FERNANDO VILLEGAS, A woman attends a demonstration calling on the government to rescue t


En los mismos días cuando tres -¿o cuatro?- extremistas musulmanes “vengaban al profeta” matando en París a 17 personas, entre ellas a casi toda la plana profesional del semanario Charlie Hebdo, lo cual produjo conmoción planetaria, indignación sin límites, concentraciones multitudinarias, marchas asistidas por 40 jefes de Estado, programas de televisión enteramente dedicados al atroz crimen, billones de tuiters, pancartas y cintillos con la leyenda “Je Suis Charlie”, declaraciones de solidaridad, miles de artículos y columnas de prensa y un despliegue policial y militar digno de una movilización por alarma de guerra, en Nigeria una banda de extremistas aun peores que los de París ingresaba a una aldea y procedía a asesinar a balazos y machetazos a dos mil personas. Dos mil. Supimos de la noticia viéndola expuesta como nota secundaria, a la sombra de los grandes titulares relativos a París.
Vale la pena preguntarse si muchos lectores, al enterarse de los detalles de esa masacre perpetrada en escala genocida, sintieron la misma indignación, curiosidad e interés como por las noticias provenientes de Francia. Es probable que no. Tal vez el siguiente pensamiento les recorrió el cerebro: “Otra matanza en un continente de matanzas”.
Y por cierto nadie organizó una concentración masiva en solidaridad con los familiares de las víctimas, ningún jefe de Estado concurrió a Nigeria a ofrecer su pésame, ningún conjunto rock puso a media asta sus guitarras y nadie se puso en la frente un cintillo con la leyenda “Je Suis Nigeriènne”.

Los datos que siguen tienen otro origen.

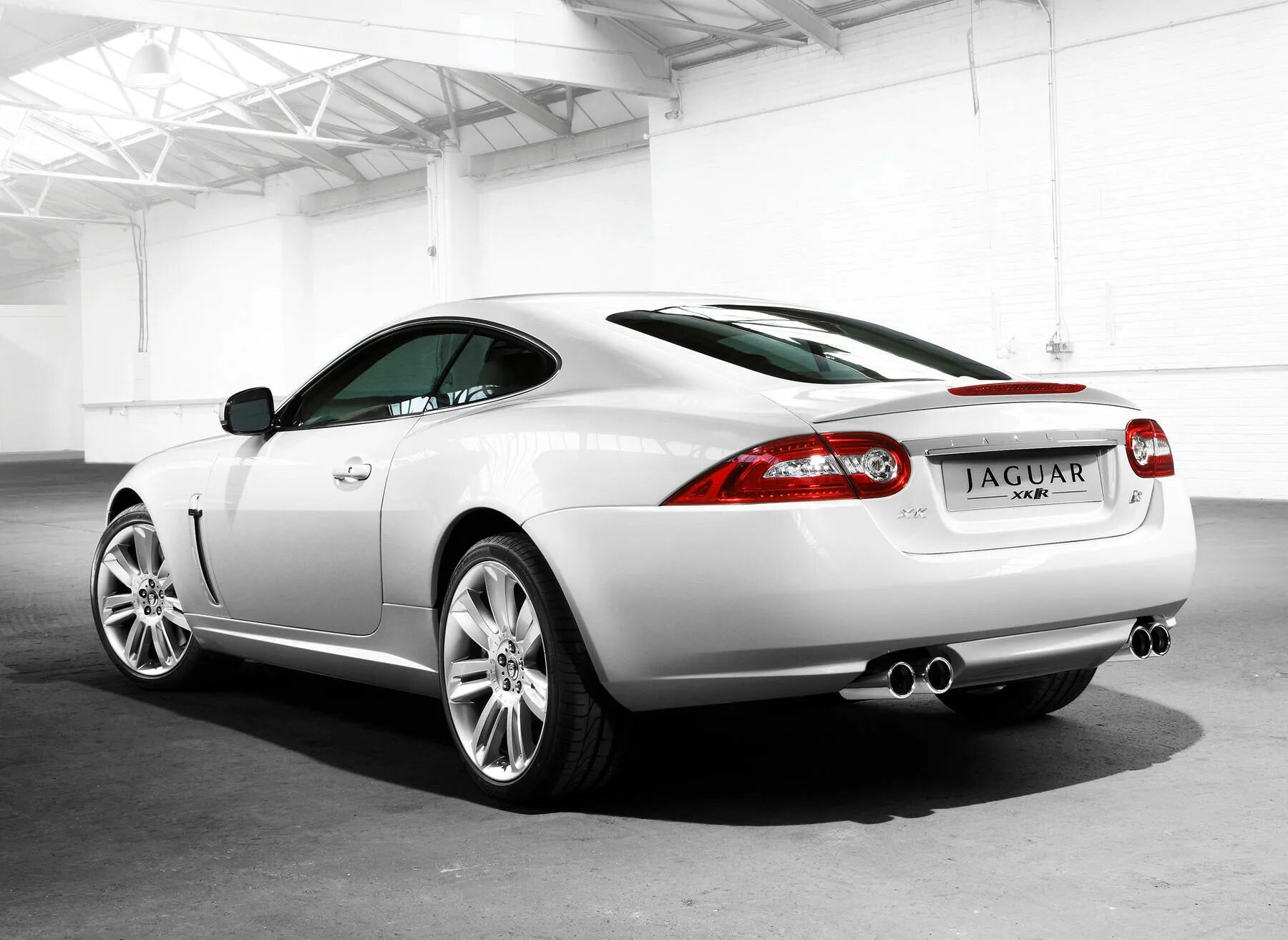 Машина 0.5. Ягуар машина XKR. Jaguar XKR Coupe. Jaguar XK (x150). Jaguar XKR 2010.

Así levanta cabeza, una vez más, una terrible verdad que odiamos recordar y mucho menos mencionar precisamente por lo frecuente de su aparición. Es esta: pese a la hegemonía apabullante del discurso política y moralmente correcto de hoy, el cual pone en la agenda de las urgencias la igualdad o siquiera la equidad como principios básicos del orden social, más aún, como valores fundamentales de la civilización, la inmensa mayoría de los seres humanossigue evaluando no digamos los “derechos” sino la vida misma del prójimo del modo más desigual que cabe concebir, a saber, en estricta relación al grupo al que cada quien, vivo o muerto, pertenece. En eso imitamos la conducta de nuestros antepasados de la Edad de Piedra, quienes se interesaban sólo en su horda y veían como enemigos mortales a los miembros de las demás porque competían por la captura de los mismos frutos caídos de los árboles y los mismos despojos dejados por las hienas. Por una cuestión de supervivencia la vida de los miembros de nuestro grupo, con quienes cooperábamos, era vitalmente importante, pero por la misma razón, aunque a la inversa, la vida de los miembros de otras hordas no valía nada, es más, era un serio peligro.
Ejemplos y emociones
Lo de Nigeria no es sino uno de entre cientos o miles de ejemplos acerca de cuán parcial y acotado es el respeto e interés por la vida humana, cuán predominante la indiferencia hacia el bienestar de quienes no son parte de nuestro grupo de referencia y en verdad y todavía más, cuán fácil el desprecio y el odio hacia estos últimos. De ahí deriva que estas batucadas de solidaridad  como la recién vista en París puedan resultar muy engañosas. No señalan un cambio fundamental y progresista en la percepción del Hombre por el Hombre, sino la vieja indignación de que se dañe a “nuestros” hombres. Agréguese a eso el hecho de que las emociones suelen ser manipulables y hasta postizas.Cambie usted el discurso predominante, los tiempos  y/o los líderes que controlan los micrófonos y la misma masa que lloró y usó el cintillo “Je Suis Charlie” podría haber desfilado con antorchas encendidas saludando al  führer. La masiva efusión de indignación y solidaridad con los valores de Francia y la libre expresión pudo haber sido, con otra convocatoria, la masiva efusión por la pureza racial o un “saquen-a-patadas-a-los-musulmanes-de-nuestro-país”, como ya hacen muchos en Europa. Excepción hecha del pánico extremo, siempre auténtico, a menudo no se sabe qué sentir o qué se debe sentir y se termina “sintiendo” lo que los medios recomiendan como el debido sentimiento.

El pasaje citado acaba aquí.